Worksheet: Python conditions, lists, and loops
Counting words in a text
Suppose we wanted to count how often each word occurs in the English Wikipedia page for Monty Python. Then a natural language description of the algorithm (the method) could look approximately like this:
Split the text into words.
Start a sheet of counts.
Start at the first word, and for each word, do the following:
If the word is already on the counts sheet, add a dash next to it.
If the word is not on the counts sheet, put it there, and put a single dash next to it.
This algorithm uses:
Different data types:
strings (words), integers (counts), a list of words (the text, after splitting), and a mapping from words to counts, a data type that in Python is called a "dictionary"
Operations on numbers, in this case, adding
Operations on strings, in this case, splitting a text into words and comparing a word to others on the sheet
Conditions: "If the word is already on the counts sheet..."
Repetition: "for each word, do the following"
Although this is a very simple algorithm, it uses almost all the main data types and types of commands that we will encounter in this introduction to Python. This worksheet introduces three of them:
Conditions ("if the word is already on the counts sheet...")
Lists (for example, lists of words), and
Loops ("for each word, do the following").
Boolean expressions
Boolean expressions are expressions whose value is either True or False. They play an important role in conditions.
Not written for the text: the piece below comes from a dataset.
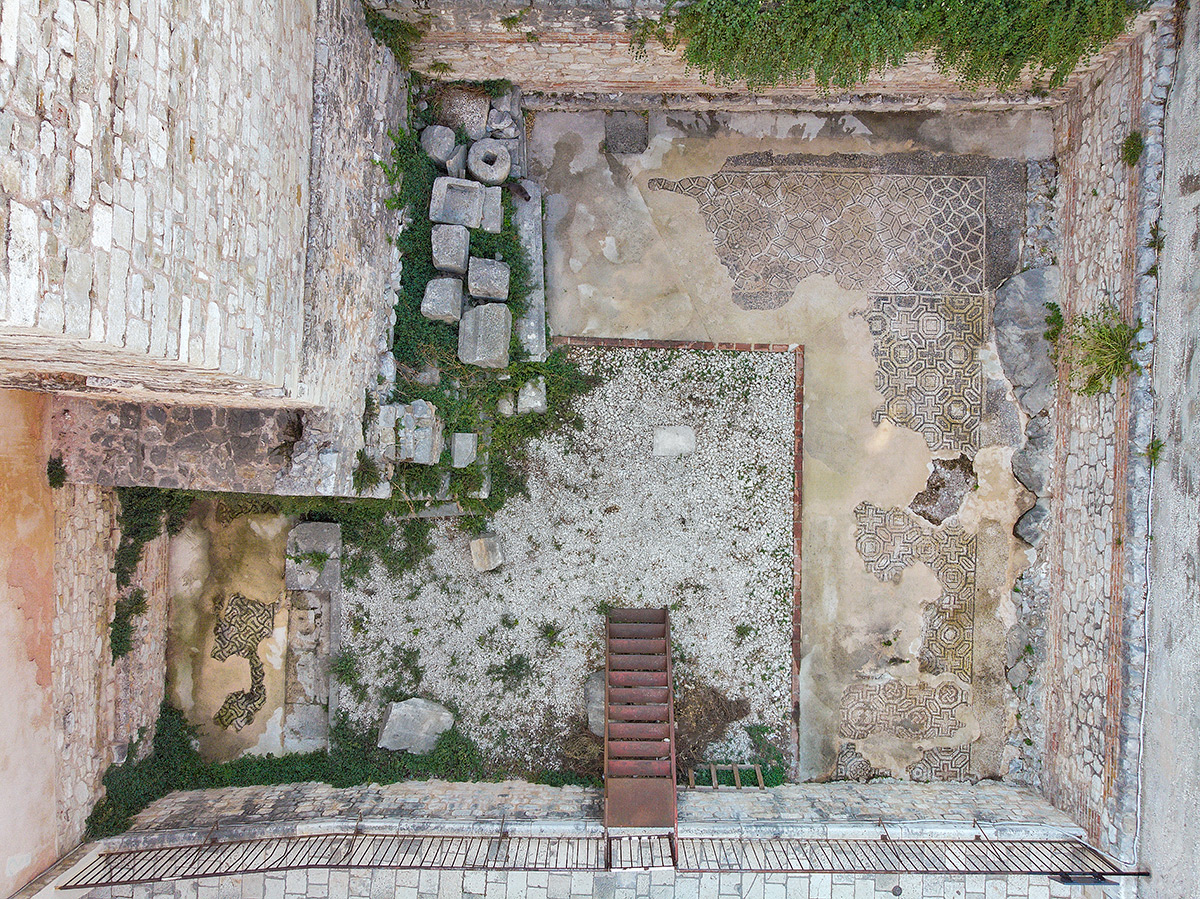 Konzervatorsko-restauratorski radovi na mozaicima Dioklecijanove palače u Splitu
You have already encountered some of them when we were discussing strings: "in", "startswith", and "endswith".
>>> "eros" in "rhinoceros"
True
>>> "nose" in "rhinoceros"
False
>>> "truism".endswith("ism")
True
>>> "inconsequential".startswith("pro")
False
Here are some Boolean expressions that compare numbers:
>>> 3.1 >= 2.9
True
>>> 3.1 < 2.9
False
>>> 3.2 - 0.1 == 3.1
True
>>> def celsius_2_fahrenheit(temp):
... return temp * 9/5 + 32
>>> celsius_2_fahrenheit(20) > 70
False
We can compare expressions that yield a number using <, >, <=, and >=. "Equals" is expressed using ==, and "does not equal" is "!=". Note that it's "==" if we want to do a comparison. "=" assigns a value.
The same operators work for strings as well. What do you think they do?
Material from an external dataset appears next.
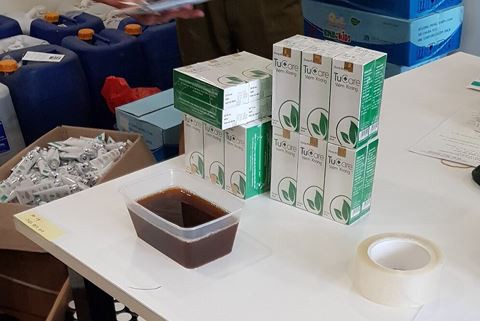 Phát hiện lượng lớn mỹ phẩm, thực phẩm chức năng sản xuất chui - Ảnh 2.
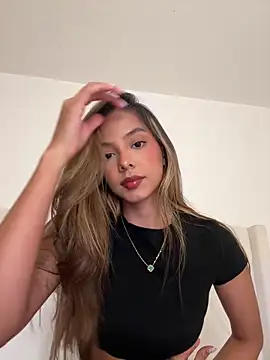 Bella cutte  online show from 11/23/25, 10:53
>>> "rhinoceros" != "rhino"
True
>>> "rhinoceros" == "rhino"
False
>>> "armadillo" < "rhinoceros"
True
>>> "elephant" > "mouse"
False
The type of such expressions is 'bool':
>>> type("elephant" > "mouse")
<class 'bool'>
Conditions
In natural language, you express conditions using "if": "If this word is not yet on our count sheet, put it there". In Python, it is very similar:
>>> if "mad" in "armadillo":
... print( "yes." )
...
yes.
Note the notation:
"if"
then a Boolean expression
then a colon
then, indented, what to do if the Boolean expression is True.
Or, to put it another way:
if <Boolean>:
block
This is very similar to the notation for defining your own functions, and in fact you will see the same notation again in other contexts.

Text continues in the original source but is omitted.